Historic Wallace, Idaho is located in the Silver Valley. The town is also known as the “Silver Capital of the World”. From the earliest days of mining until 2000, Wallace produced more silver than any other mining area in the world.
Like gold flakes bottoming in a placer miner’s pan, history lingers on Wallace’s street corners, buildings, and alleyways. So here, you can learn more about our town’s brave, tumultuous, and bawdy past – from its frontier days to its gold and silver mining eras, to its emergent future as a historical and recreational treasure of the Inland Northwest. Let’s look at some of Wallace’s historically significant places:
Wallace District Mining Museum
The Wallace District Mining Museum was established in 1956 by Fred I. Evering, a true Harry Truman lookalike. In 1974, the museum was relocated to the former Rice’s Bakery building (509 Bank Street).

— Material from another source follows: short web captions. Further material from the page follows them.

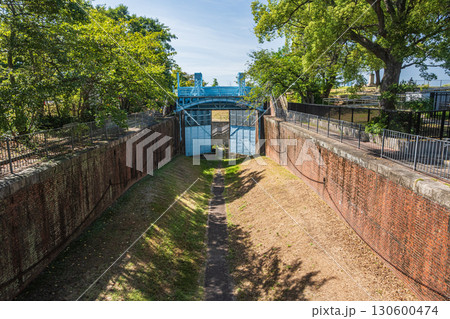 国指定重要文化財　淀川旧分流施設　毛馬第一閘門　大阪市 130600474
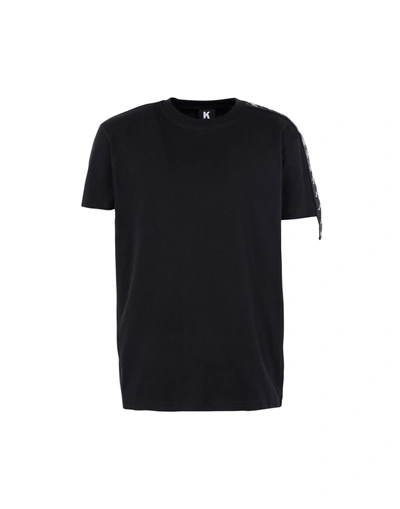 Kappa T-shirts In Black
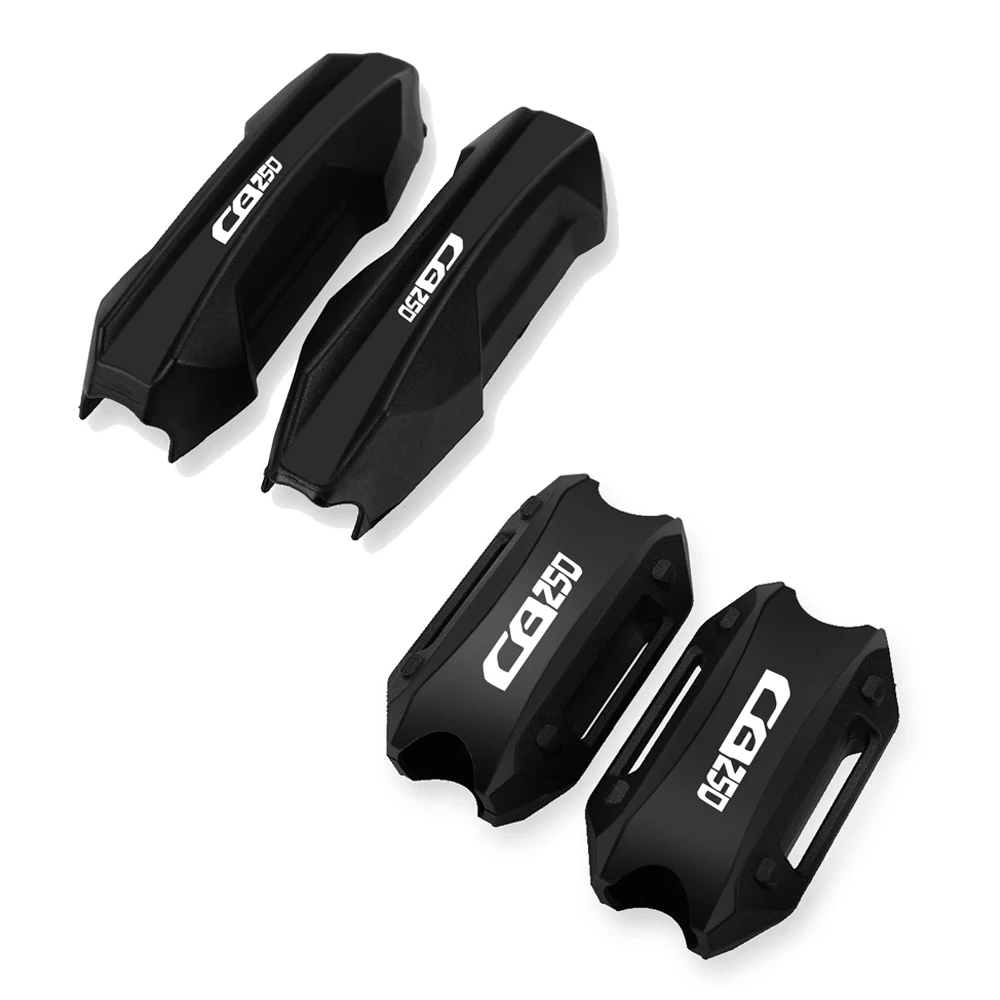 Motorcycle 25mm Bumper Engine Guard Protector Block Crash Bar Decorative For Honda CB250 CB 250 2018 2019 2020 2021 2022 2023 - Image 6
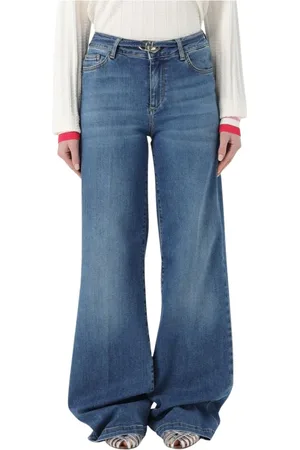 Liu Jo Dame, Jeans, Blå, W24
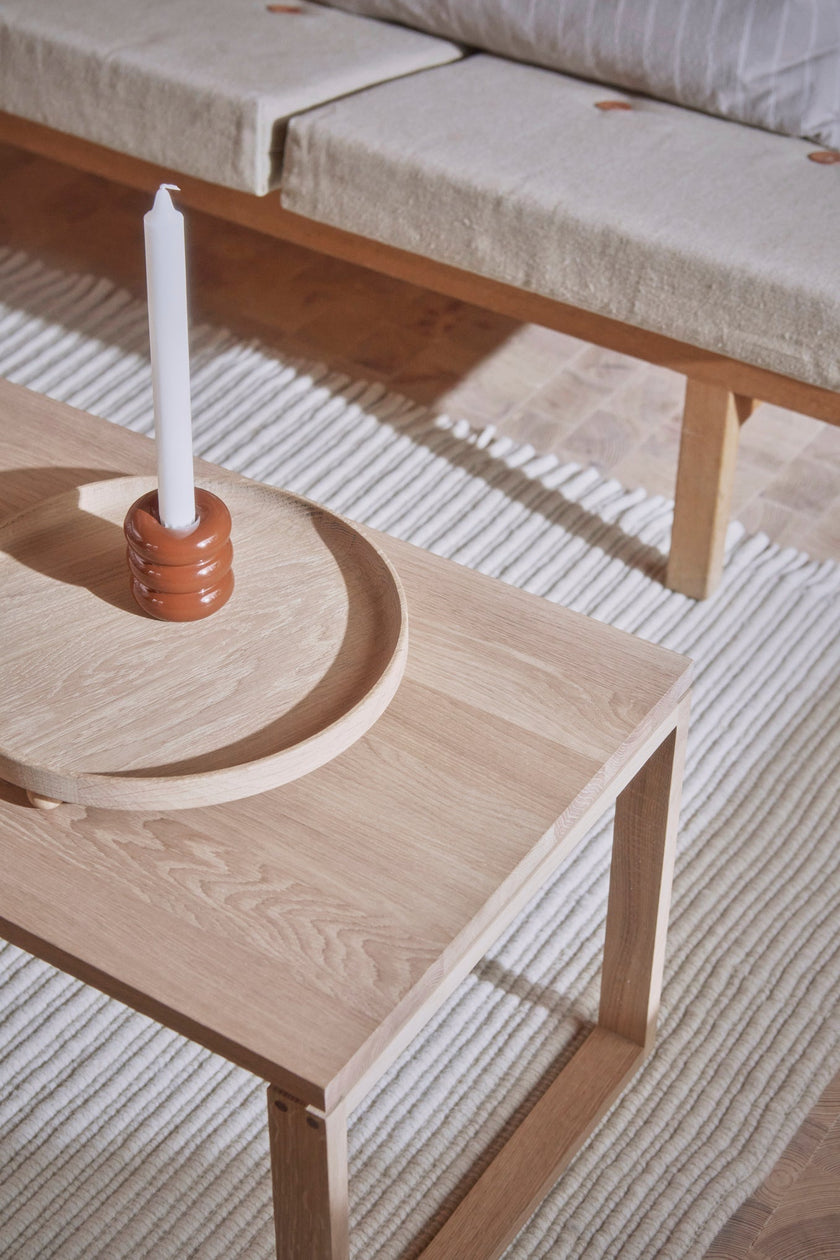 Savi Ceramic Candleholder - High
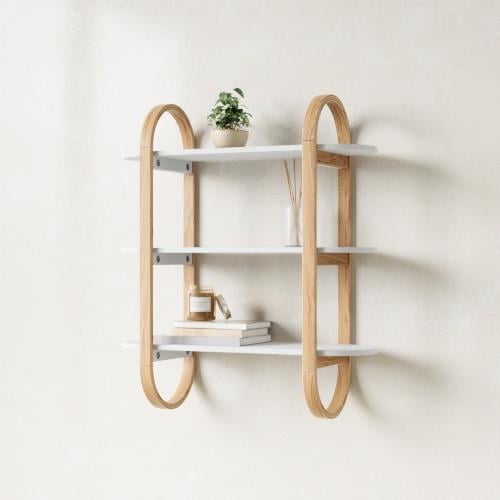 Umbra Bellwood Wandrek - Wit/Naturel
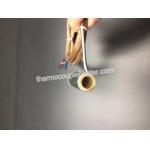 Armored Nozzle Coil Heaters Brass Sheath Inside For Hot Runner Systems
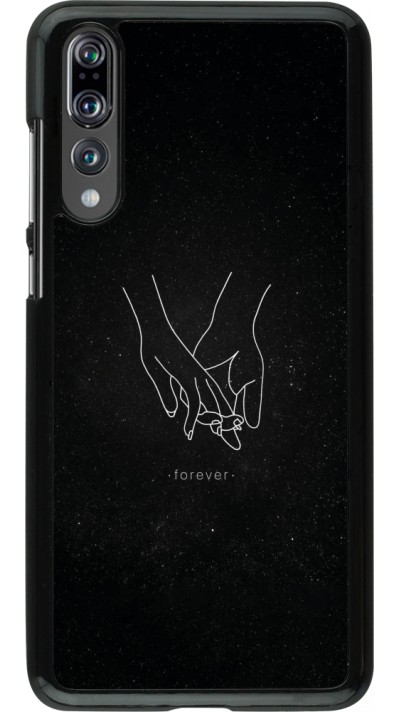 Coque Huawei P20 Pro - Valentine 2023 hands forever Coque Huawei P20 Pro - Valentine 2023 hands forever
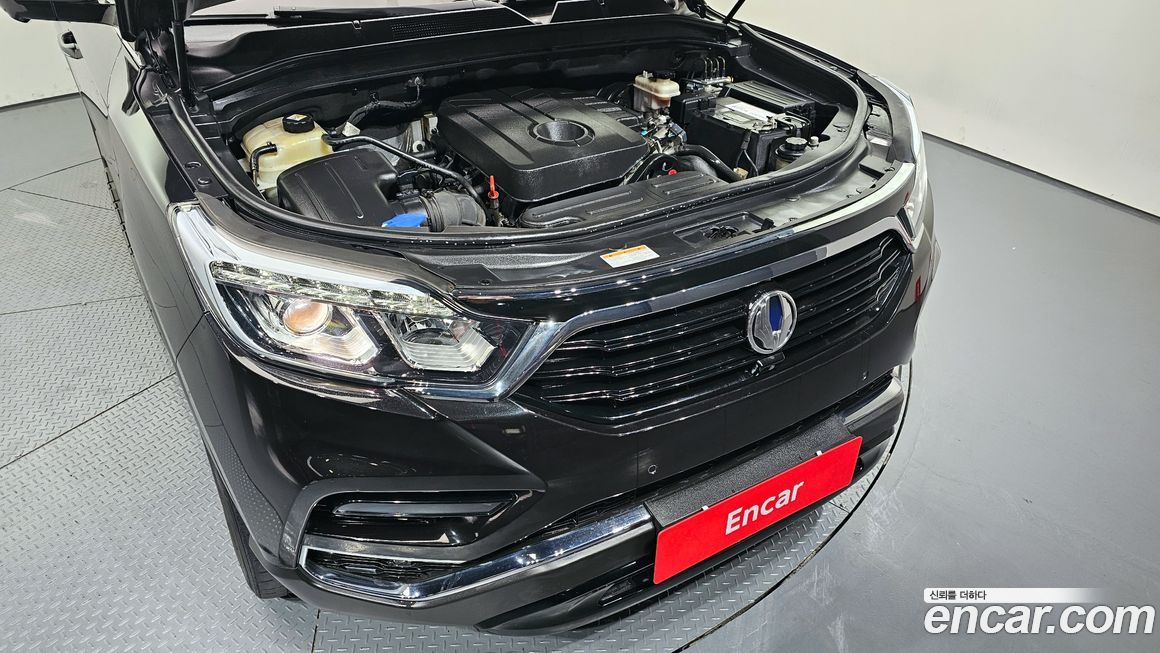 KG_Mobility_Ssangyong Rexton 2018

The museum features exhibits depicting the history of local mining from the 1880s to the modern methods in use today. On display are mine lighting devices ranging from antique oil lamps and stearic candles and oil lamps to contemporary rechargeable electric lamps.
Drilling exhibits range from single jacking with hand steel to the modern jackleg or buzzy. In addition, the museum has the only known complete stearn-driven diamond drill in existence.
Relics of a by-gone era are found throughout the museum and depict other activities linked to the development of the district. Many structures in and around Wallace were used as office buildings for the area’s mining activities the museum gives a clear picture of struggles everyday life in the mining camps. For a walking tour through Wallace, click here.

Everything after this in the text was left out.